This thriller brings new vitality to a classic genre.
Film noir gets a sunburn in "The Square," a neat, nasty Australian import that bears comparison with "Body Heat" and "Blood Simple." The components are familiar: grafting land developers, gangsters, a bag of cash, a beauty and a patsy. Yet the film thwarts our expectations at every turn. Bad behavior is rewarded, good deeds are punished, and brutal misfortune rains upon the unjust and innocent alike. The film's sunny suburban streets tingle with psychological distress as if they were midnight urban alleys.
The square of the title refers both to a housing development and the regular-Joe site manager overseeing its construction. Ray (David Roberts) wants nothing of the rooted life his project will provide for its customers. He's suffocating in placid midlife domesticity, eager to dump his wife and run off with married neighbor Carla (Claire van der Boom). She's ready to ditch Smithy, a rough-edged tow-truck driver with criminal connections. But the small-time kickbacks Ray takes from his subcontractors aren't enough to finance their getaway.

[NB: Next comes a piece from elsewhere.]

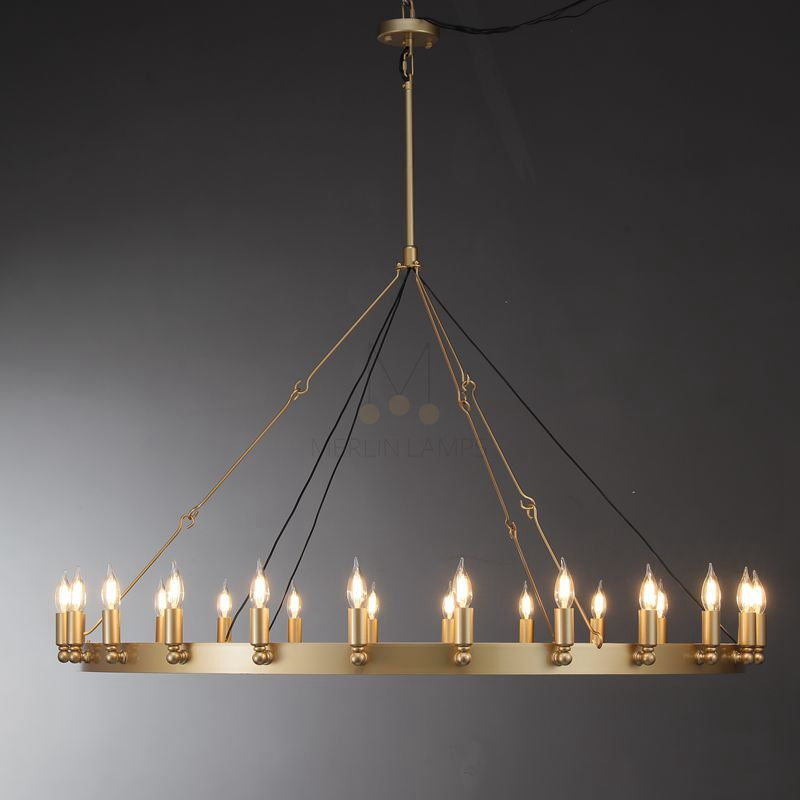 Dania Series Luxury Vintage Filament Round Chandelier, Classic Chandelier Lighting Fixture (Copy)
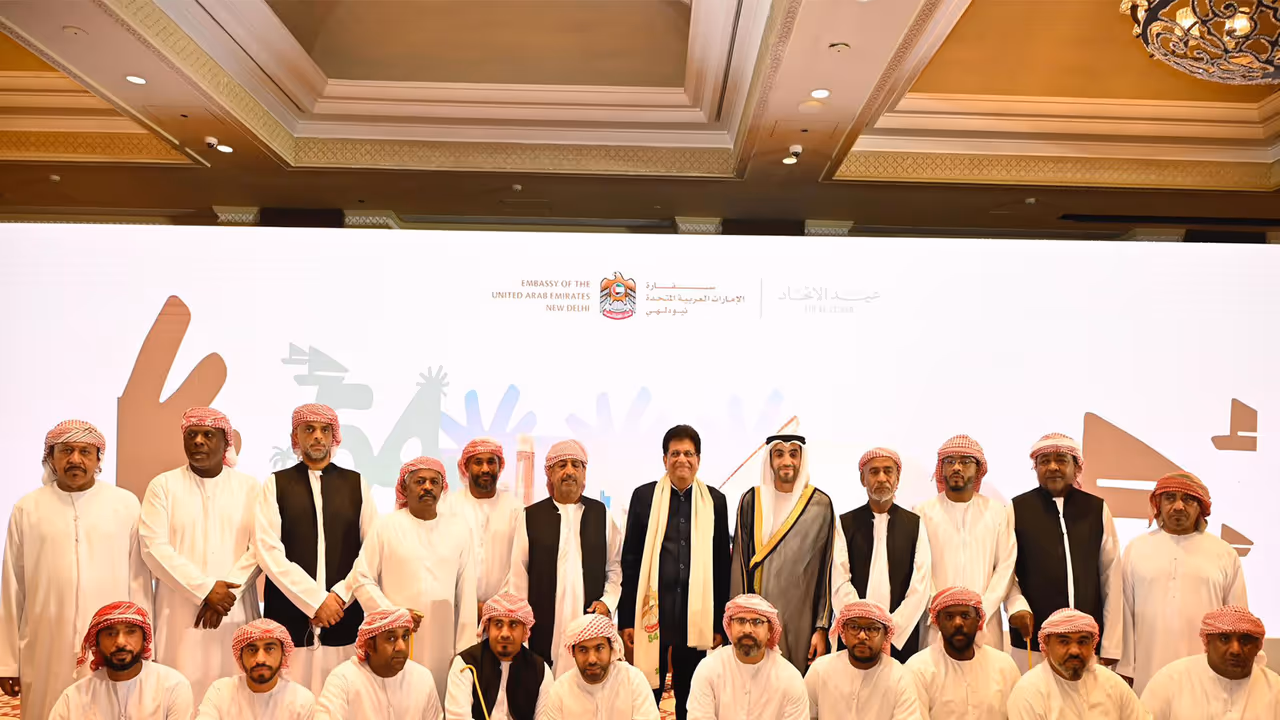 UAE National day celebrations (Photo: X@PiyushGoyal) UAE National day celebrations (Photo: X@PiyushGoyal)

Then Carla spies Smithy hiding a satchel full of cash, and hasty, poorly laid plans trigger an appalling pileup of corpses.
The dramatic structure is familiar, but the characters don't fit neatly into the usual pigeonholes. Ray is not the typical no-good noir protagonist but a cautious, nervous middle manager who's shocked when he finds himself capable of killing. His wife is no shrew, his lover no wicked siren, her husband no standard-issue brute. The nicest character in the mix is an arsonist (Joel Edgerton, the film's co-writer) with a strong moral code. There's no compelling reason for the characters to take desperate measures. If they simply filed for divorce and moved on, they could have had a decent life. But lust -- for each other and for Smithy's dirty cash -- makes them act as if it's emergency time and the old rules no longer apply.
Ray isn't a bad or stupid man, he's just not especially good or bright. He's a bad bluffer, too; Roberts wears a look that says "I'm guilty" even before the felonies begin to mount. When he discovers links between his own misdeeds and a larger web of municipal corruption, his dumbfounded expression is almost laughable. The film draws a dark comic parallel between his yearning for Carla and the instinctual mating dance between their dogs.
While it lacks the sultry sex appeal that powers some of the best noirs, "The Square" is an intense and exciting thriller, smarter than most films with the same themes. Peripheral characters come forward to play important and surprising roles as the twist-studded plot adds snoops, blackmailers and witnesses to the dirty doings. Even though you know awful things are looming, director Nash Edgerton springs them so swiftly that they hit you before you're prepared. The violence is messy, but the timing is elegant. At the finale, following a bloody showdown, one of the characters stumbles out into the street, staggering unsteadily as if stunned by a blow to the head. "The Square" packs that kind of wallop.